Hardware accelerated JPEG video decoder MFT from AMD

Video GPU vendors (AMD, Intel, NVIDIA) ship their hardware with drivers, which in turn provide hardware-assisted decoder for JPEG (also known as MJPG and MJPEG. and Motion JPEG) video in form-factor of a Media Foundation Transform (MFT).

JPEG is not included in DirectX Video Acceleration (DXVA) 2.0 specification, however hardware carries implementation for the decoder. A separate additional MFT is a natural way to provide OS integration.

AMD’s decoder is named “AMD MFT MJPEG Decoder” and looks weird from the start. It is marked as MFT_ENUM_FLAG_HARDWARE, which is good but this normally assumes that the MFT is also MFT_ENUM_FLAG_ASYNCMFT, but the MFT lacks the markup. AMD’s another decoder MFT “AMD D3D11 Hardware MFT Playback Decoder” has the same problem though.

Hardware MFTs must use the new asynchronous processing model…

Presumably the MFT has the behavior of normal asynchronous MFT, however as long as this markup does not have side effects with Microsoft’s software, AMD does not care for this confusion to others.

Furthermore, the registration information for this decoder suggests that it can handle decoding into MFVideoFormat_NV12 video format, and sadly it is again inaccurate promise. Despite the supposed claim, the capability is missing and Microsoft’s Video Processor MFT jumps in as needed to satisfy such format conversion.

These were just minor things, more or less easy to tolerate. However, a rule of thumb is that Media Foundation glue layer provided by technology partners such as GPU vendors is only satisfying minimal certification requirements, and beyond that it causes suffering and pain to anyone who wants to use it in real world scenarios.
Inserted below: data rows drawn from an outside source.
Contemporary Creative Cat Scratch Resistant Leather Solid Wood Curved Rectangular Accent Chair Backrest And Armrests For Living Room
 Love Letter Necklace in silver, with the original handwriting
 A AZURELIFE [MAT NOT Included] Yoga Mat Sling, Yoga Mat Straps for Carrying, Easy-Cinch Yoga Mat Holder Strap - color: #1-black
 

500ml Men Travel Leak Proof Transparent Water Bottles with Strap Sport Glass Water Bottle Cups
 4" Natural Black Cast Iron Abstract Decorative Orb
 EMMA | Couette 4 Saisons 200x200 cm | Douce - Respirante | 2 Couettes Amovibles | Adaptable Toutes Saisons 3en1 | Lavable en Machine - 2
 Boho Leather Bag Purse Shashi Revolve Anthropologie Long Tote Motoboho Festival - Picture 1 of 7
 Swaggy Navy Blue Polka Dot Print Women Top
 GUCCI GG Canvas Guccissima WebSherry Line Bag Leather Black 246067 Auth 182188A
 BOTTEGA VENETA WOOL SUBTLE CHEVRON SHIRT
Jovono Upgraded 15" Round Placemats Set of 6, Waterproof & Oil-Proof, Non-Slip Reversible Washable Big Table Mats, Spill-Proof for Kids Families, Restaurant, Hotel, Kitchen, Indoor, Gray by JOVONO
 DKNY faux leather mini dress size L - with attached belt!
AMD’s take on making developers feel miserable is the way how hardware-assisted JPEG decoding actually takes place.

The thread 0xc880 has exited with code 0 (0x0).
The thread 0x593c has exited with code 0 (0x0).
The thread 0xa10 has exited with code 0 (0x0).
The thread 0x92c4 has exited with code 0 (0x0).
The thread 0x9c14 has exited with code 0 (0x0).
The thread 0xa094 has exited with code 0 (0x0).
The thread 0x609c has exited with code 0 (0x0).
The thread 0x47f8 has exited with code 0 (0x0).
The thread 0xe1ec has exited with code 0 (0x0).
The thread 0x6cd4 has exited with code 0 (0x0).
The thread 0x21f4 has exited with code 0 (0x0).
The thread 0xd8f8 has exited with code 0 (0x0).
The thread 0xf80 has exited with code 0 (0x0).
The thread 0x8a90 has exited with code 0 (0x0).
The thread 0x103a4 has exited with code 0 (0x0).
The thread 0xa16c has exited with code 0 (0x0).
The thread 0x6754 has exited with code 0 (0x0).
The thread 0x9054 has exited with code 0 (0x0).
The thread 0x9fe4 has exited with code 0 (0x0).
The thread 0x12360 has exited with code 0 (0x0).
The thread 0x31f8 has exited with code 0 (0x0).
The thread 0x3214 has exited with code 0 (0x0).
The thread 0x7968 has exited with code 0 (0x0).
The thread 0xbe84 has exited with code 0 (0x0).
The thread 0x11720 has exited with code 0 (0x0).
The thread 0xde10 has exited with code 0 (0x0).
The thread 0x5848 has exited with code 0 (0x0).
The thread 0x107fc has exited with code 0 (0x0).
The thread 0x6e04 has exited with code 0 (0x0).
The thread 0x6e90 has exited with code 0 (0x0).
The thread 0x2b18 has exited with code 0 (0x0).
The thread 0xa8c0 has exited with code 0 (0x0).
The thread 0xbd08 has exited with code 0 (0x0).
The thread 0x1262c has exited with code 0 (0x0).
The thread 0x12140 has exited with code 0 (0x0).
The thread 0x8044 has exited with code 0 (0x0).
The thread 0x6208 has exited with code 0 (0x0).
The thread 0x83f8 has exited with code 0 (0x0).
The thread 0x10734 has exited with code 0 (0x0).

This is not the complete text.